Research Program

The aim of our TCNP technology project is to develop improved methods to perform synthetic lethality analysis on microarrays (SLAM) to identify genetic interactions among proteins in yeast and thus to define networks and pathways of interacting proteins. The special focus of the new technology is on developing methods for essential gene mutants (such as Ts and hypomorphic alleles, which can be systematically generated) or special mutants such as mutations at sites of modification. This complements other work we are doing in which loss of function or null alleles in nonessential genes are examined for genetic interactions. We are also planning to perform, in collaboration with the driving biological projects, systematic high copy screens in Ts mutants in the essential genes involved in lysine modification. 

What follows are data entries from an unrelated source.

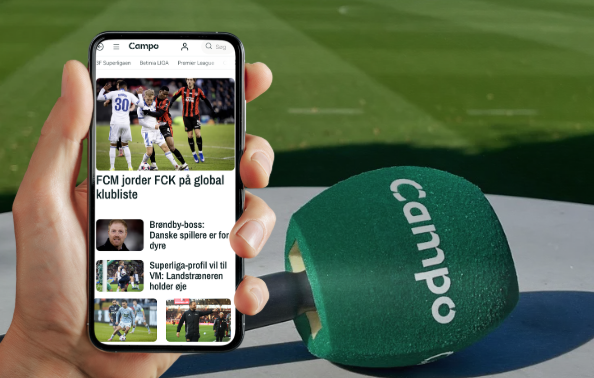 Opret en bruger på campo.dk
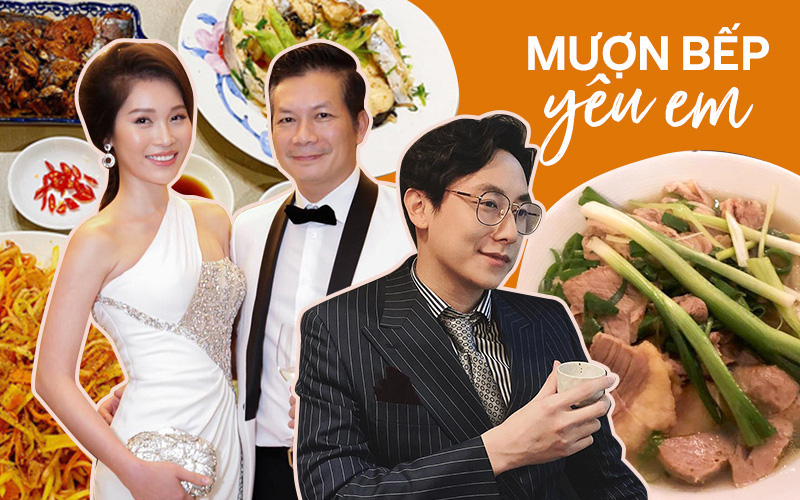 Từ đại gia, thiếu gia đến soái ca đều chăm nửa kia cực khéo: Ở ngoài &quot;hô mưa gọi gió&quot;, về nhà mượn bếp yêu em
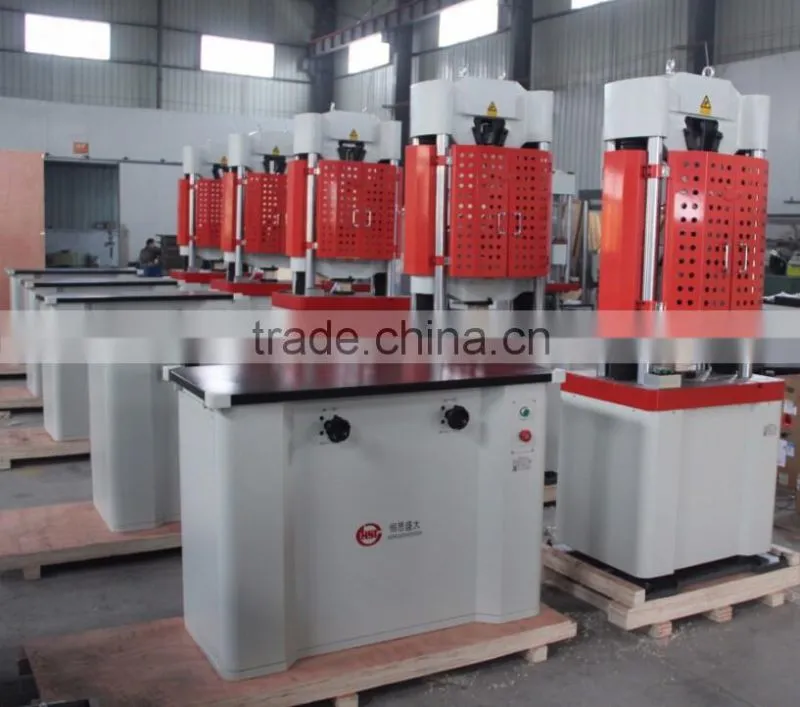WEW-300D Computer display hydraulic universal testing machine with 1 year warranty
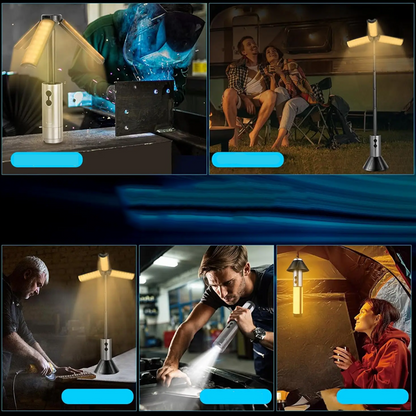 Portable Foldable LED Camping Lights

A major effort revolves around systematically mutating all sites at which the four core histones are modified and assessing the phenotypic consequences. Once a complete collection is in hand, we hope to use SLAM technology to build a genetic interaction map for the nucleosome. Joel Bader plays a major role in the resultant network analysis in this project as director of our computational core. His group is also taking responsibility for a histone mutation database, the first of its kind, which will integrate systematic information on mutant phenotypes, sites of modification and other important data on histones.  We are also taking step to advance SLAM and related technologies, currently only applicable in yeast, into human systems.

Finally, the lab is collaborating extensively with driving biological projects led by Shelley Berger on histone modifications of various types, and with Cecile Pickart’s group on elucidating networks and pathways of ubiquitylation and SUMOylation. We are also collaborating with Phil Cole on networks and pathways of protein acetylation and Cynthia Wolberger on dissection of deacetylation pathways.